Por saudosismo e para preservar  o hábito,  na semana passada, fui   trem  até lá. E enquanto a viagem transcorria, fiquei na observação. Olhei, analisei e refleti sobre tudo à minha volta. Por instantes me deu uma tristeza vendo  o quanto tudo está diferente . Já não há conforto, já não existem as mesmas pessoas e a viagem de trem para a maioria não passa de um massacre diário. Pude ir sentada, felizmente. Mas notei o sofrimento dos que permaneceram em  pé.
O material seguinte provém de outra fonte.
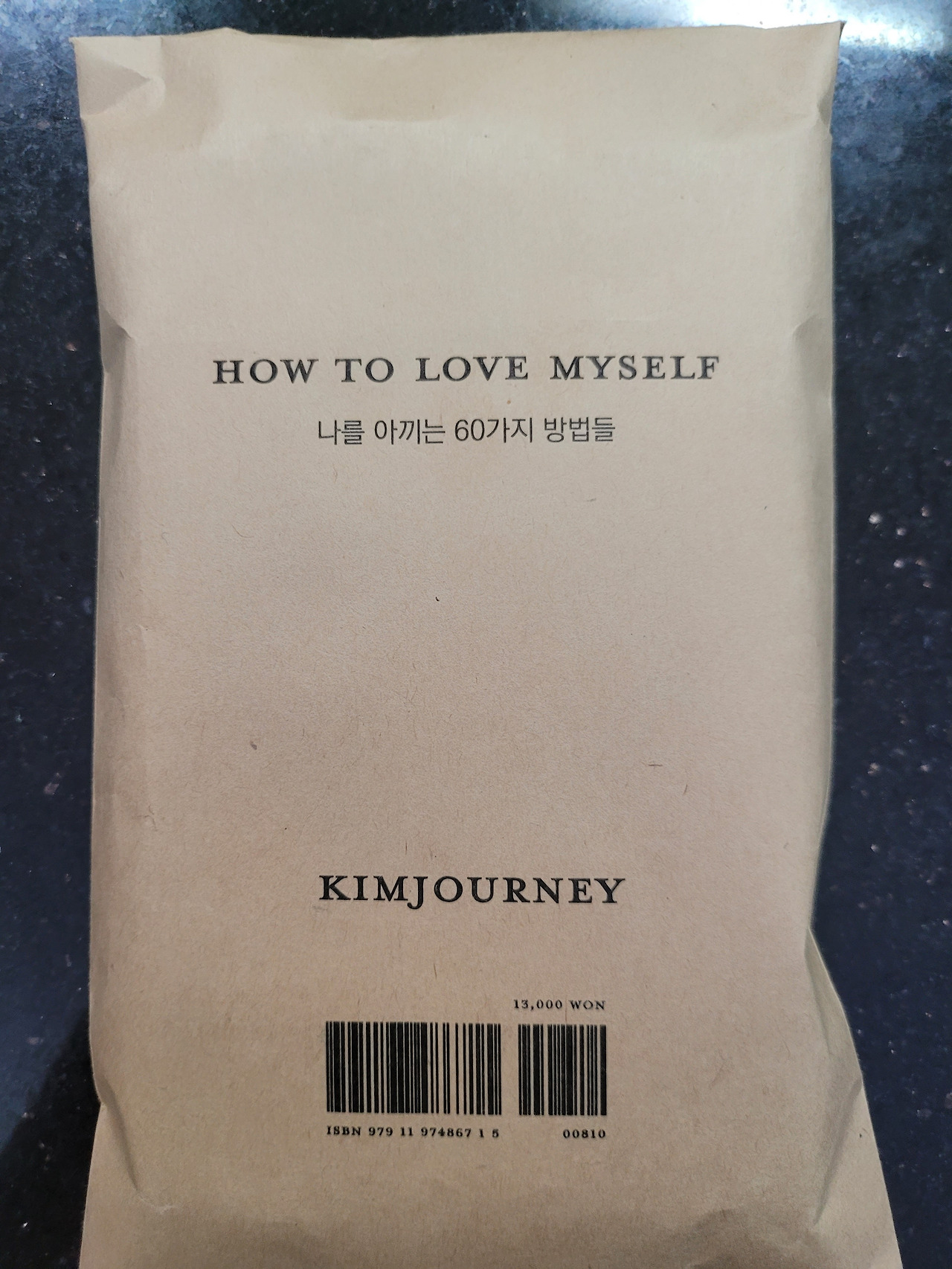 나를 아끼는 .jpg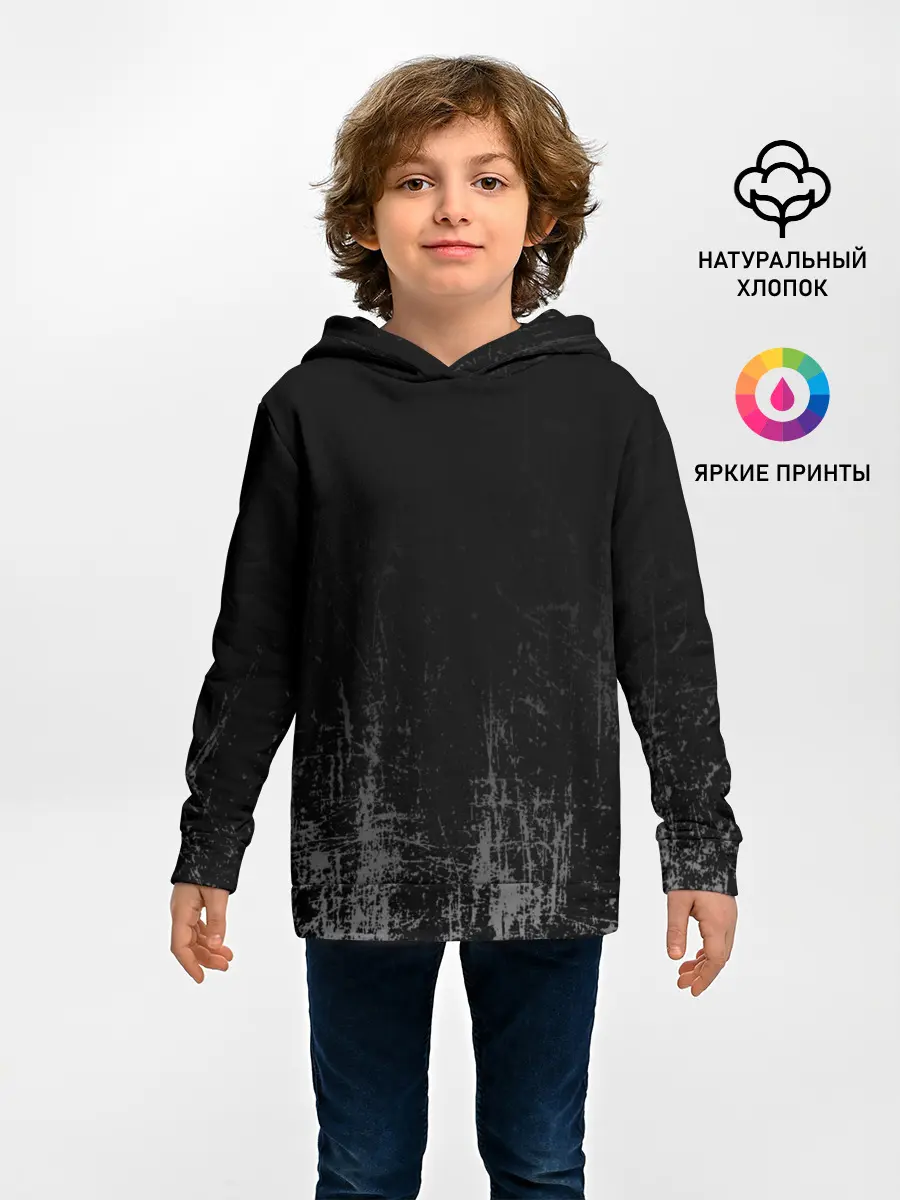 Детское худи / Black Grunge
Apertados, espremidos e sem a mínima condição de curtir o trajeto. Aliás,  deslumbrar-se com o  trajeto é praticamente impossível. Os trechos percorridos são simplesmente  deprimentes. Nas encostas, a construção irregular  de conjuntos habitacionais  parecem  dependurados nos mesmos  barrancos  que,  no passado, só  acolherem    árvores e muito verde. Mesmo nas proximidades  das  estações o visual permanece ruim com muito  lixo, galpões inacabados e vagões de trem abandonados ao relento. Mas, internamente,  os trens escondem um  suplício ainda maior e  que também  trafega pelos  trilhos, punindo injustamente   todas aquelas pessoas. Olhando ao redor até  pude ver  alguns deles. Vi  homens mal educados , sentados, com as pernas totalmente abertas ocupando espaços  de  duas pessoas. Vi   um casal de jovens namorados, num “amasso” tão  explícito e ardente, constrangendo e  complicando ainda mais o viajante do lado. Vi  um jovem em pé que, apesar de bem  vestido, permaneceu  tão alienado ao ponto de não “se tocar” que, seu livro  aberto  atrapalhava ainda mais as  pessoas ao redor. Vi uma   jovem bonita, moderninha e emperiquitada , de vestido justíssimo, dando bronca  em  alguém que acidentalmente, deve ter   puxado um fio de sua meia  arrastão. E teve o casal  de gays, despreocupado,  ouvindo música por um único  aparelho celular e  cujo  fio do fone de ouvido, inconvenientemente,  enroscava-se  nas  cabeças alheias. São exemplos. Dizem ocorrer coisas piores.
Quando cheguei   ao meu destino, me senti aliviada. Em tão pouco tempo presenciei de tudo: gente batalhadora, cansada,  desrespeitada,   gente folgada, gente sem desconfiômetro e gente acima de tudo anestesiada pelo  sofrimento diário. Tive pena de todos e  em seguida, lembrei-me   de  velhos tempos, de antigos passeios e da sensação gostosa em   ir de Caieiras à São Paulo. Conclui que  desde o romantismo de uma época distante à tortura dos dias atuais, viajar de trem há muito tempo perdeu seu encanto. Concluí também que nestas condições dificilmente alguém abdicará do automóvel  E só mesmo aqueles sem opção ou “alucinados” como eu  por uma voltinha pela Lapa, farão tamanho sacrifício. O que não deixa de ser lamentável. Tudo podia ser bem diferente.
FATIMA CHIATI

Comentários:

Belo tema.As viagens de trem de antigamente tinham de fato um encanto maravilhoso,indecifravel, romantico mesmo. As despedidas tristes, as chegadas alegres. Novas pessoas Esse saudosismo de fato nos entristece hoje, lendo o que voce descreveu. E p´ra chorar. São os tempos.